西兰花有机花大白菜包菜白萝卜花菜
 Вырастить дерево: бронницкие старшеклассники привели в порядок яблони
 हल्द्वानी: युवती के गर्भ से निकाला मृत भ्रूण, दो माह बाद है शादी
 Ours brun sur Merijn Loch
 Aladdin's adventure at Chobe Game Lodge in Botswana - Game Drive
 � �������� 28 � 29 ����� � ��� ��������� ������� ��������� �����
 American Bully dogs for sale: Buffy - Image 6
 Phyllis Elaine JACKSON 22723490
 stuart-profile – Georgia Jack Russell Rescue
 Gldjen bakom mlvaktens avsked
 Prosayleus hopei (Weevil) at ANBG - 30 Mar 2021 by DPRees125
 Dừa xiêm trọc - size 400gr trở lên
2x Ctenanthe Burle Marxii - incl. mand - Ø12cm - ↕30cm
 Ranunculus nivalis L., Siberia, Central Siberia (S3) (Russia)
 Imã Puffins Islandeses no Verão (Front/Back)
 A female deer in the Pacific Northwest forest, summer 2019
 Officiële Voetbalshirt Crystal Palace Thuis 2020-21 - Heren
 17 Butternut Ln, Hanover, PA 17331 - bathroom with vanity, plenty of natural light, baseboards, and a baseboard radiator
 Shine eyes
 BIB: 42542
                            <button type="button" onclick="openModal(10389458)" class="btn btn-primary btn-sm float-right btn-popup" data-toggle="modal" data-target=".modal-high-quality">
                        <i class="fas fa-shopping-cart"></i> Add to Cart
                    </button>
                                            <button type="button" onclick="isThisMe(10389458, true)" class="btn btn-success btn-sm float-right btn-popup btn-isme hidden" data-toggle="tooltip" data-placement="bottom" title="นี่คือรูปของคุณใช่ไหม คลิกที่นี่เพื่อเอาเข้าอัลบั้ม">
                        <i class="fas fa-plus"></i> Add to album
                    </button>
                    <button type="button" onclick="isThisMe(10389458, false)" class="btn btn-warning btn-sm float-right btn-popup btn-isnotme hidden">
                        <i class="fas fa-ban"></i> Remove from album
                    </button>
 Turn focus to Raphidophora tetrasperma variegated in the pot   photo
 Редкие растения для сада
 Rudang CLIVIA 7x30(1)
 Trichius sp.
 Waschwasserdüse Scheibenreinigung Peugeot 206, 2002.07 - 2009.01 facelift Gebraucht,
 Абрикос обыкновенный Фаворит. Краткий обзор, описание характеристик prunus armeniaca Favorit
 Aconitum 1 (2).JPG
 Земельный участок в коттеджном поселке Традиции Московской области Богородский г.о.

▶ What to produce:
Please write out all the data above, exactly as it reads.

▶ Problem solution:
西兰花有机花大白菜包菜白萝卜花菜
 Вырастить дерево: бронницкие старшеклассники привели в порядок яблони
 हल्द्वानी: युवती के गर्भ से निकाला मृत भ्रूण, दो माह बाद है शादी
 Ours brun sur Merijn Loch
 Aladdin's adventure at Chobe Game Lodge in Botswana - Game Drive
 � �������� 28 � 29 ����� � ��� ��������� ������� ��������� �����
 American Bully dogs for sale: Buffy - Image 6
 Phyllis Elaine JACKSON 22723490
 stuart-profile – Georgia Jack Russell Rescue
 Gldjen bakom mlvaktens avsked
 Prosayleus hopei (Weevil) at ANBG - 30 Mar 2021 by DPRees125
 Dừa xiêm trọc - size 400gr trở lên
2x Ctenanthe Burle Marxii - incl. mand - Ø12cm - ↕30cm
 Ranunculus nivalis L., Siberia, Central Siberia (S3) (Russia)
 Imã Puffins Islandeses no Verão (Front/Back)
 A female deer in the Pacific Northwest forest, summer 2019
 Officiële Voetbalshirt Crystal Palace Thuis 2020-21 - Heren
 17 Butternut Ln, Hanover, PA 17331 - bathroom with vanity, plenty of natural light, baseboards, and a baseboard radiator
 Shine eyes
 BIB: 42542
                            <button type="button" onclick="openModal(10389458)" class="btn btn-primary btn-sm float-right btn-popup" data-toggle="modal" data-target=".modal-high-quality">
                        <i class="fas fa-shopping-cart"></i> Add to Cart
                    </button>
                                            <button type="button" onclick="isThisMe(10389458, true)" class="btn btn-success btn-sm float-right btn-popup btn-isme hidden" data-toggle="tooltip" data-placement="bottom" title="นี่คือรูปของคุณใช่ไหม คลิกที่นี่เพื่อเอาเข้าอัลบั้ม">
                        <i class="fas fa-plus"></i> Add to album
                    </button>
                    <button type="button" onclick="isThisMe(10389458, false)" class="btn btn-warning btn-sm float-right btn-popup btn-isnotme hidden">
                        <i class="fas fa-ban"></i> Remove from album
                    </button>
 Turn focus to Raphidophora tetrasperma variegated in the pot   photo
 Редкие растения для сада
 Rudang CLIVIA 7x30(1)
 Trichius sp.
 Waschwasserdüse Scheibenreinigung Peugeot 206, 2002.07 - 2009.01 facelift Gebraucht,
 Абрикос обыкновенный Фаворит. Краткий обзор, описание характеристик prunus armeniaca Favorit
 Aconitum 1 (2).JPG
 Земельный участок в коттеджном поселке Традиции Московской области Богородский г.о.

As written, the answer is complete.